Computer-based medical simulation provides a realistic and economical set of tools to improve and maintain the skills of health care providers adding a valuable dimension to medical training similar to professional training in aviation, defense, maritime, and nuclear energy. Medical simulators allow individuals to review and practice procedures as often as required to reach proficiency without harming a patient.

In medicine, sophisticated mannequins, known as patient simulators provides health care professionals with a computer-based patient that breathes, responds to drugs, talks, and drives all clinical monitors in the operating room, e.g., blood pressure and pulse rate.

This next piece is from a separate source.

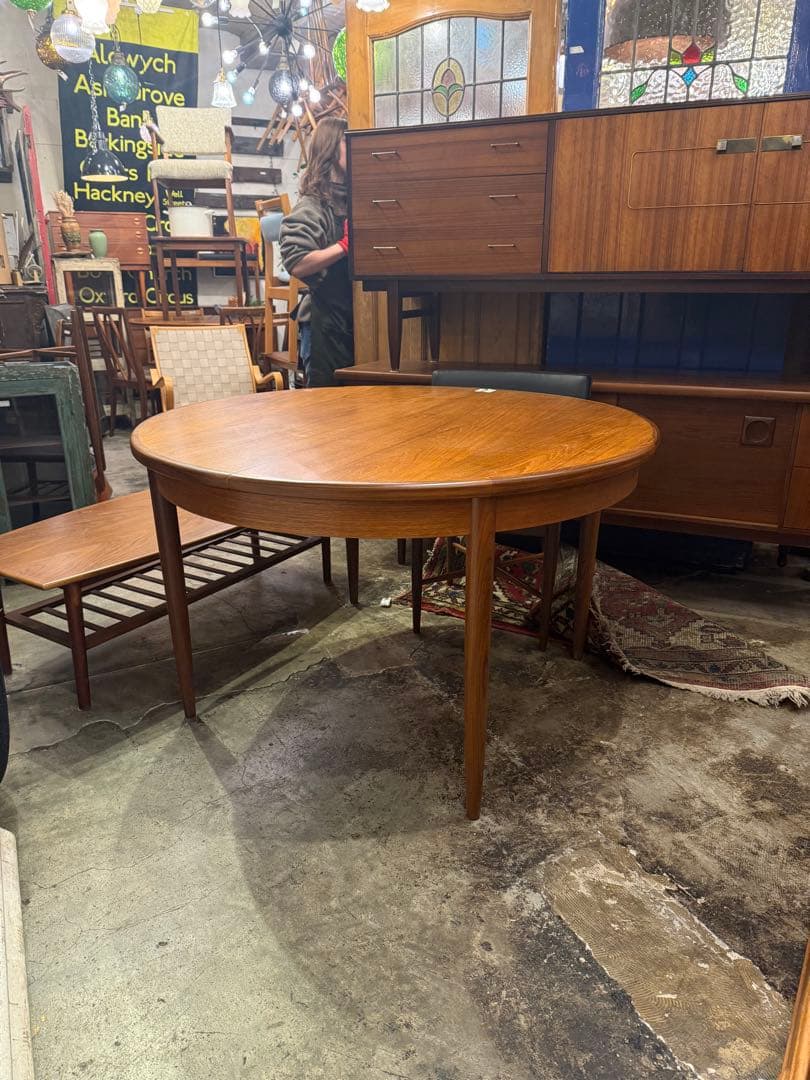 【美品】G-PLAN/ジープラン ラウンドダイニングテーブル フレスコ 北欧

Task trainers provide a simulated subset of functionality, such as how to give a smallpox inoculation or how to insert a chest tube. Computer-based training provides software programs that train and assess clinical knowledge and decision-making skills.

Simulated/ standardized patients allow students to interact with actors trained to act as patients providing students with valuable feedback on, among other things, bedside manner.
Medical simulation is a cross-disciplinary effort that brings together physicians, nurses, and allied health professionals across a variety of disciplines with computer scientists, researchers, educators, and human factors engineers.